Doctorbal / zabbix-postgres-partitioning

Zabbix PostgreSQL version 11 Native Partitioning
MIT License
43 stars 15 forks source link

BRIN index #14

Closed adrianlzt closed 3 years ago

adrianlzt commented 4 years ago

If I have understand correctly who they works, they could be useful for indexing the clock column (correlation between that column and the block where the data is inserted), but for itemid that correlation does not exists.

We can expect having in each range all the itemids. When Zabbix wants to get some values for a particular itemid, the BRIN index will just return something like "read all the blocks".
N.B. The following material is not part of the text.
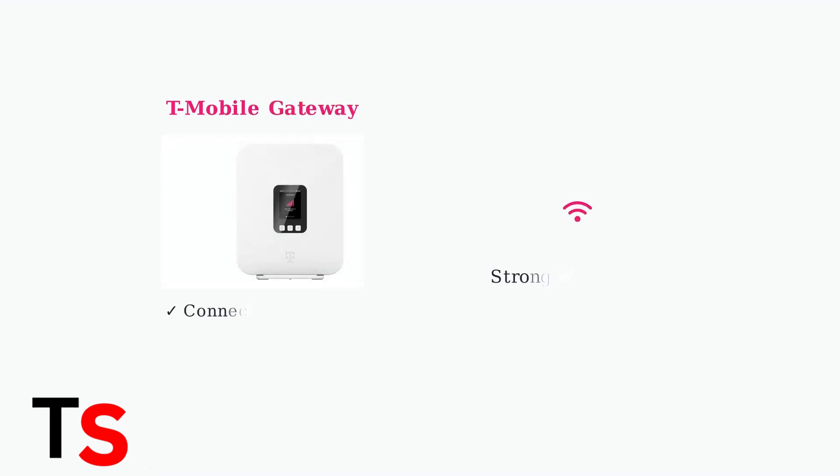First, ensure your T-Mobile gateway is properly set up and providing a strong Wi-Fi signal. Your gateway should display a connection status indicating excellent connectivity.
I have created a BRIN index to one of my trends table and for the itemid column, each block has almost the same range of values:

zabbix-server=# SELECT blknum,attnum,value FROM brin_page_items(get_raw_page('partitions.trends_uint_2020_05_brin_itemid_clock', 14), 'partitions.trends_uint_2020_05_brin_itemid_clock') where attnum = 1 limit 10;
 blknum | attnum |         value
--------+--------+-----------------------
 318208 |      1 | {25782 .. 75190048}
 318336 |      1 | {25375 .. 75190981}
 318464 |      1 | {25460 .. 75229977}
 318592 |      1 | {25498 .. 75229962}
 318720 |      1 | {25511 .. 75229963}
 318848 |      1 | {25462 .. 75177392}
 318976 |      1 | {1966526 .. 75192034}
 319104 |      1 | {26534 .. 75181617}
 319232 |      1 | {25466 .. 75153121}
 319360 |      1 | {1137467 .. 75153122}
Doctorbal commented 4 years ago

Hello @adrianlzt ,

Thanks for bringing this up. I think BRIN indexes are great when space is a concern. But other than that they are slower than B-tree indexes and don't handle ranges as well as B-tree indexes do.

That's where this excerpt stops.